死んだ後の反応で愛を伝える(証明する)のではなくて、今自分が感じている愛をそのまま伝えようとしてこういう言い回しになったのかもしれません。

朧げだけど、そんな気持ちをストレートに表現しているような気がして、心に刺さります。

彼女についての記述はここまでとなっています。果たしてどうなったんでしょうか・・・

 

コンセプト自体は新しいものではない 

筆者はミックステープ(恋人のためにプレイリストを作ることです。カセットテープがまだ隆盛だった頃に若いカップルがよく行っていました)も、ラブレターのゴーストライティングの一部と言っています。

曲の歌詞に込められた思いと言葉は、送る側の気持ちと重なり、音楽と共に受け取る側へ思いを代弁してくれます。

The concept is not as new as it feels in the film, or as new as it felt to me nine years ago as part of an eccentric art project.

Mix tapes or playlists are a type of ghostwritten love letter, in which lyrics “speak” for the sender.

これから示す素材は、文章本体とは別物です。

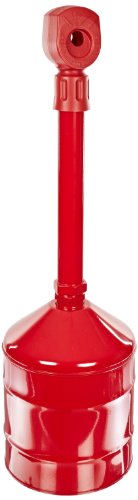 Justrite 26811R Steel Heavy Duty Butt Cans Cigarette Butt Receptacle, 5 Gallon Capacity, 11-1/2' Diameter x 38-1/2' Height, Red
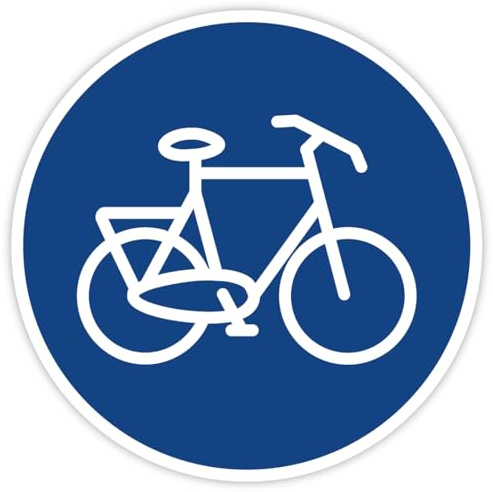 Aufkleber Gebotszeichen „Fahrräder erlaubt/Fahrradweg benutzen“ Symbol Folie | Ø 5-30 cm Made in Germany, Größe: Ø5 cm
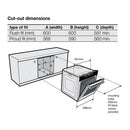 ELECTROLUX EVE614DSD 60CM Multifunction Catalytic Electric Oven Dimensions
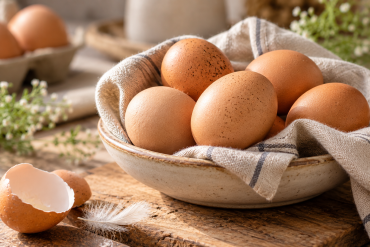 Huevos en cesta con un trapo de cocina
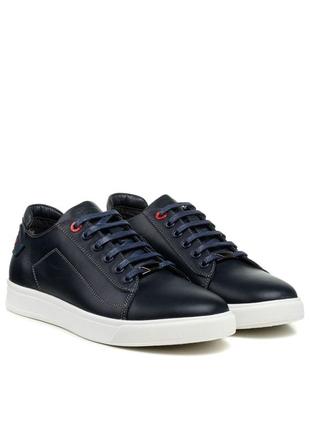 Кеды кожаные темно-синие 2584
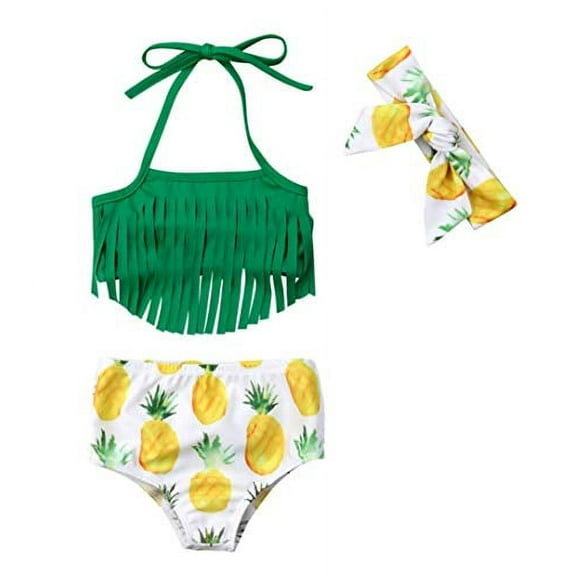 Styles I Love Infant Baby Girls Yellow Fringe Tropcial Bikini Swimsuit Headband Bathing Suit Beach Pool Swimwear 3pcs Set Tropical Yellow 80 3 6 Mont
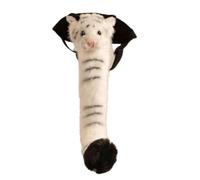 Harilla Coda di Tigre Bambini Accessorio Costume Travestimento Cosplay Prop Morbida con Dettagli Facciali Ricamati E Orecchie Nere Adatta per Spettacoli, Bianco, 45cm
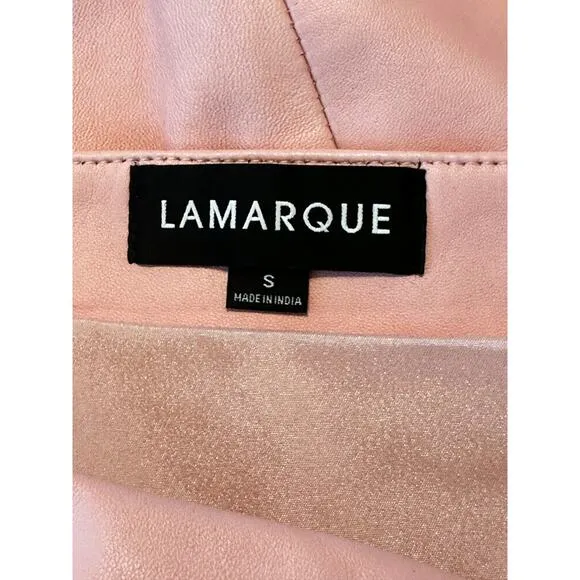 LaMarque Corey Draped One-Shoulder Pink Lamb Leather Mini Dress Small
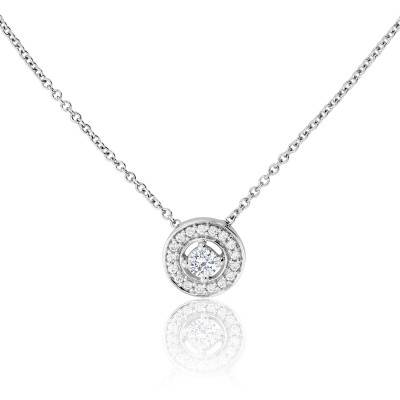 Collier Solitaire Ajourée en Or Blanc 375 & Diamants, Longueur de 40 cm à 42 cm - Diamond Lady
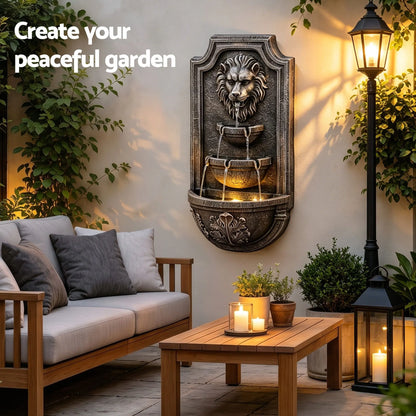 Gardeon Solar Fountain Water Feature Lion Head Wall Fountain 67cm Brown - Image 7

If someone you like tells you a song reminds them of you, you feel flattered, maybe moved, assuming the lyrics are romantic, hot and/or sad enough.

You don’t need to believe that the person presenting the song to you wrote those lyrics for the magic to work.

 

加えてラブレターそのものも、ゴーストライティングを含む部分があるのです。

文章力がない、もしくは適切な言葉を伝える表現の仕方がわからないときは、ポエムや詩などの引用を取り入れたり、他人が書いたものを借りて思いを表現することになります。

And love letters themselves often have a ghostwritten section.

The line or stanza of quoted poetry, dropped into the scrawling of a barely literate suitor, sometimes works to lend the sender depth—or to provide him with an apt expression he would be incapable of minting. 

  

終わりに:この記事を読んだ頃は・・・

確かこれを読んだのが、ちょうど佐村河内さんの話題が盛り上がっていた頃でした。タイミングが遅れてしまったのは残念です。

それはさておき、今回ご紹介した話は少し切ないですが、ふくろにとってはおそらく今年一番のとてもお気に入りのエピソードです。

ブロガーの意義を求めるのもある種意味があることだとは思いますが、皆さんもラブレターを書いてみて、まずはゴーストライター始めてみませんか?

 

話が逸れますが、映画館で観たいと思っていたスパイク・ジョーンズ監督の「her」の話もちらっと出てきたので、今度DVDが出るらしいので買って観ようかなと思い・・・おっと・・・欲望渦巻く宣伝になってしまいました・・・

 

*注:ブログフォーマットで少し見やすくする為に、少し文章のスペースを変えました。